At the processor level, therefore, these two are very different operations. But the compiler handles those issues for us. We simply use $+$. So in some sense, multiple dispatch allows us to reason about code as we would reason about mathematics. It allows us to abstract away details and perform different operations using the same name. Then we can compose those operations into advanced functionality, and have the compiler generate the right sequence of instructions.

If small, building blocks like $+$ are specialized on types, that allows bigger, higher-level functions to not worry about them.
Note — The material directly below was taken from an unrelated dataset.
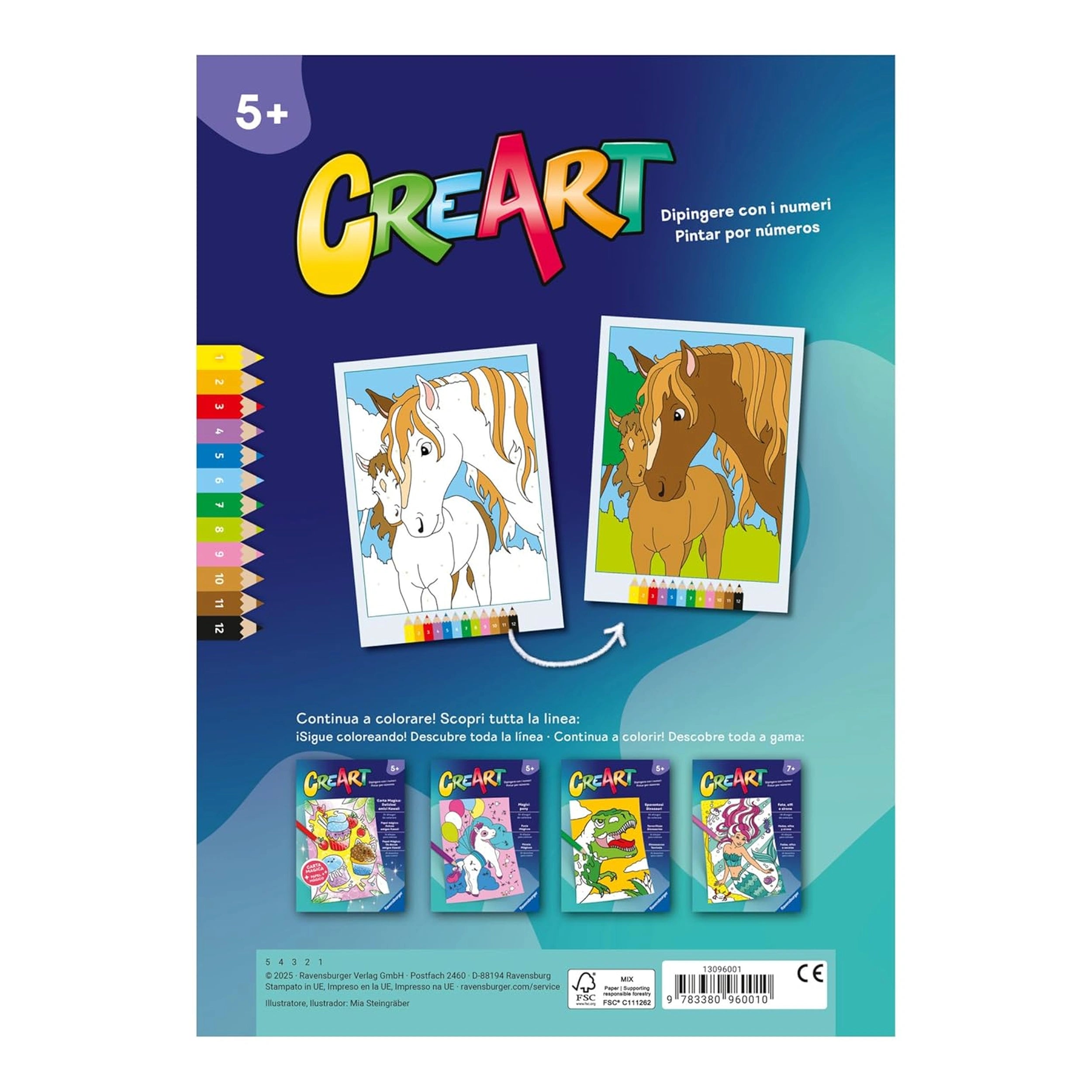 Ravensburger - CreArt-Creatief-Kleurboek-Zoete-Paarden-Kunst-En-Handwerk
That is how we were able to define polynomials like $p$, thinking that they would be applied to real numbers, and then evaluate them on `DualNumber`

s so we could compute their derivative. That is how Julia was able to compute integer exponentiation for our `DualNumber`

s even though we told it nothing about it. That is how things "just worked" when we tried to dualize `Complex`

and `DualNumber`

. That is magic.

Normally such a feature might make things slower. Julia's compiler is built in such a way that multiple dispatch comes at no runtime penalty. That's technologically incredible. Almost magic.

In fact, nothing about what we did above would scream "fast, efficient code" in most languages. It's also not the fastest way to do it in Julia. But even so, Julia 0.5 is able to optimize `der`

in some very simple cases. For example, below it was able to constant fold the derivative of $x \mapsto x$ to $1$:

In [49]:

```
code_native(der(x -> x), (Int,))
```

Even though we've made no attempt to optimize our code, `der`

is pretty fast. Check this out:

In [51]:

```
p(0)
p′(0)
@time p(5)
@time p′(5)
```

Out[51]:

Note that these times are both overestimates. My system clock cannot distingush anything that takes shorter than about 0.000005 seconds. More important is the number of bytes allocated, which is pretty reasonable for both.

Above I mentioned that `der`

is able to take **exact** derivatives. That's a bold claim. I've done nothing to prove that so far, since we've been working with floating point numbers.

It turns out that I did not exaggerate. All we need is a type that can represent things symbolically! Enter... `SymbolicReal`

:

In [52]:

```
immutable SymbolicReal <: Number
expr
end
+(r::SymbolicReal, s::SymbolicReal) = SymbolicReal(:($(r.expr) + $(s.expr)))
*(r::SymbolicReal, s::SymbolicReal) = SymbolicReal(:($(r.expr) * $(s.expr)))
-(r::SymbolicReal, s::SymbolicReal) = SymbolicReal(:($(r.expr) - $(s.expr)))
/(r::SymbolicReal, s::SymbolicReal) = SymbolicReal(:($(r.expr) / $(s.expr)))
^(r::SymbolicReal, s::SymbolicReal) = exp(s * log(r))
sin(r::SymbolicReal) = SymbolicReal(:(sin($(r.expr))))
cos(r::SymbolicReal) = SymbolicReal(:(cos($(r.expr))))
exp(r::SymbolicReal) = SymbolicReal(:(exp($(r.expr))))
log(r::SymbolicReal) = SymbolicReal(:(log($(r.expr))))
convert(::Type{SymbolicReal}, r::SymbolicReal) = r
convert(::Type{SymbolicReal}, n::Number) = SymbolicReal(n)
promote_rule{T<:Number}(::Type{SymbolicReal}, ::Type{T}) = SymbolicReal
```

Out[52]:

In [53]:

```
der(x -> x^3)(SymbolicReal(:(x)))
```

Out[53]:

A human would simplify the above to $3x^2$, which is the exact derivative.

In [54]:

```
der(x -> x^x)(SymbolicReal(:(x)))
```

Out[54]:

A human might simplify the above to $x^x (1 + \log(x))$, which is the exact derivative.

Our implementation of dual numbers is rushed, hurried, and incomplete. For a solid implementation currently in use today, see DualNumbers.jl.